Il faudra du courage pour renoncer à des pratiques agricoles devenues clairement incompatibles avec notre avenir climatique. C’est sans doute le plus difficile car cela demande d’interroger directement nos modes de vie et accepter que les choix d’hier ne sont plus adaptés aux enjeux d’aujourd’hui.

Les pratiques agricoles doivent servir les enjeux sociétaux et sociaux pour toutes et tous, pour une résilience à long terme. Chaque territoire est unique par son contexte et ses problématiques posées, il doit donc pouvoir se construire un avenir par une agriculture adaptée à ces enjeux.

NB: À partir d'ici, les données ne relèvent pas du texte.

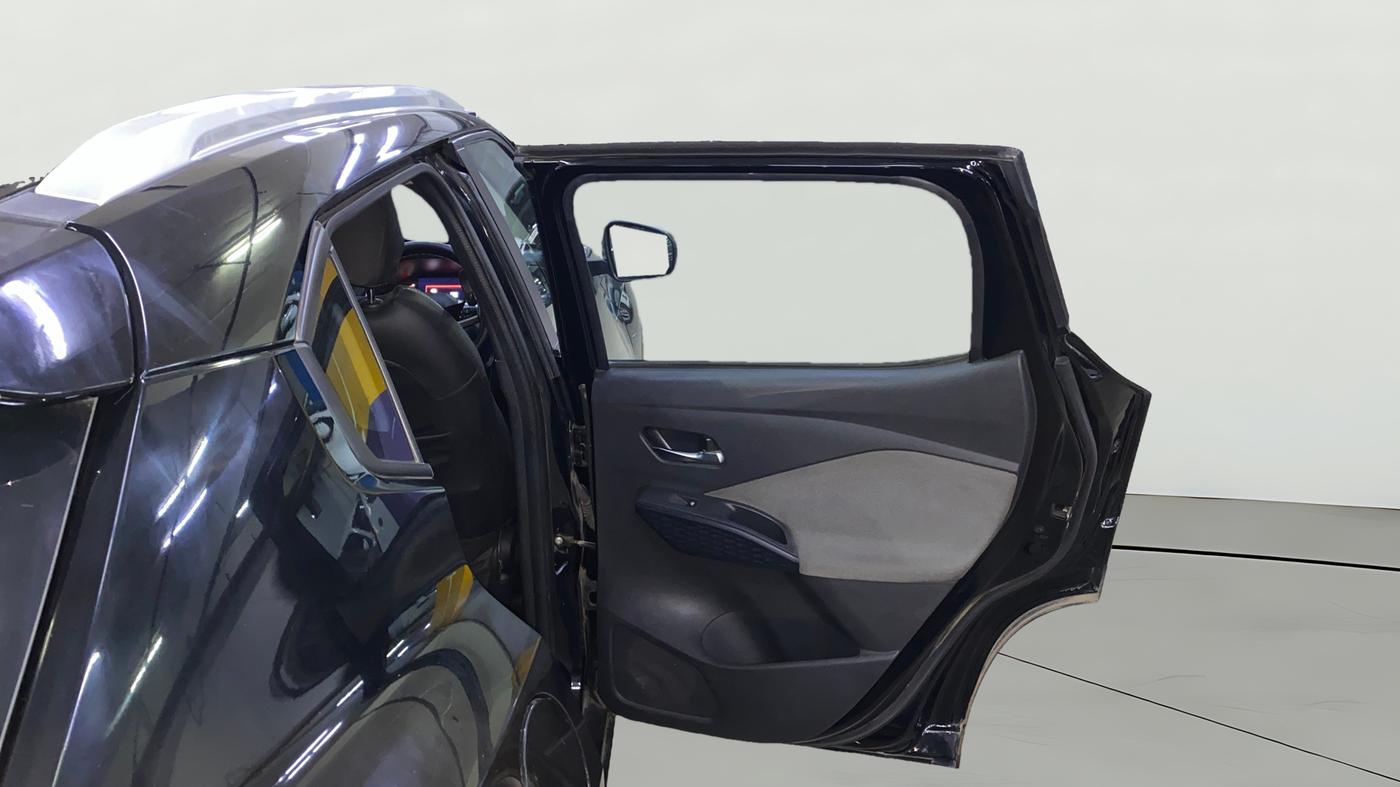 2025 Nissan MAGNITE N-Connecta B4D 1.0 Petrol AMT, Petrol, Automatic, 10,645 km, RHS Rear Door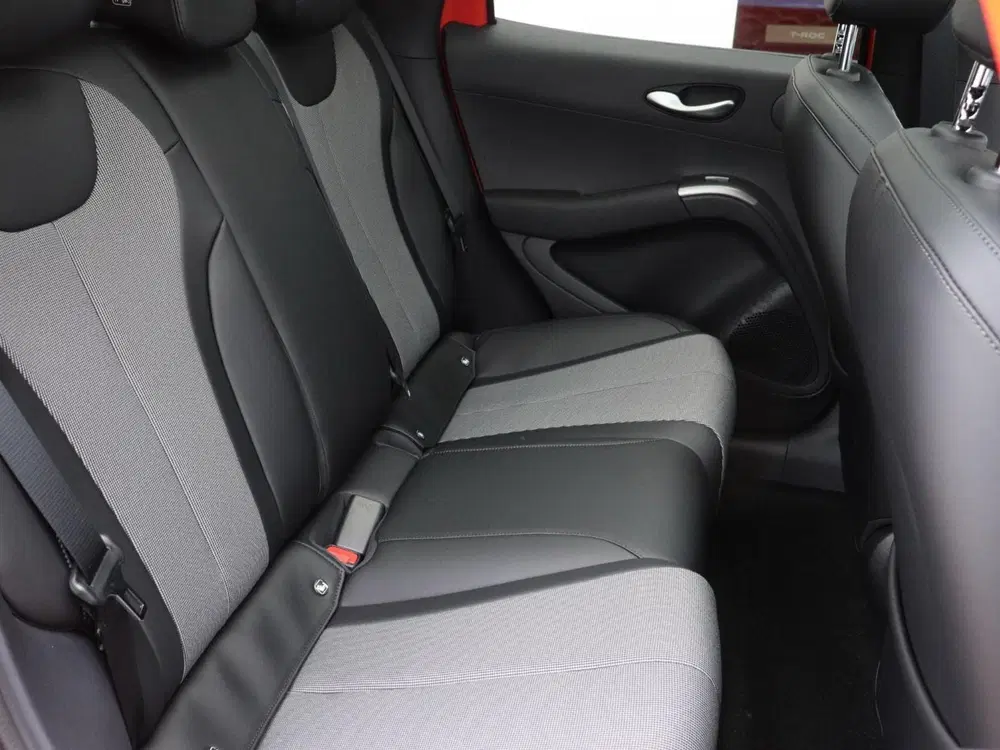 BYD Dolphin G 1.5L DM-i Comfort uit 2026, foto 10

Cette activité complexe, à l’interface de nombreux domaines, oblige à penser de façon globale et intégrée, notamment en termes de politiques et mesures :

  • Protéger la biodiversité et les milieux en évaluant les impacts de l’agriculture sur l’ensemble des enjeux environnementaux,
  • Favoriser la résilience de l’agriculture face aux aléas climatiques en intégrant aux réflexions l’ensemble des multifonctionnalités de l’agriculture (dimensions productives, sociales et environnementales),
  • Diminuer les émissions de gaz à effet de serre des systèmes alimentaires dans leur ensemble.
  • Favoriser un stockage massif du carbone dans les sols cultivés, les prairies et les espaces naturels.
  • Répondre aux enjeux de l’emploi via des pratiques plus intenses en emplois plutôt qu’en intrant ou en dégradation des écosystèmes.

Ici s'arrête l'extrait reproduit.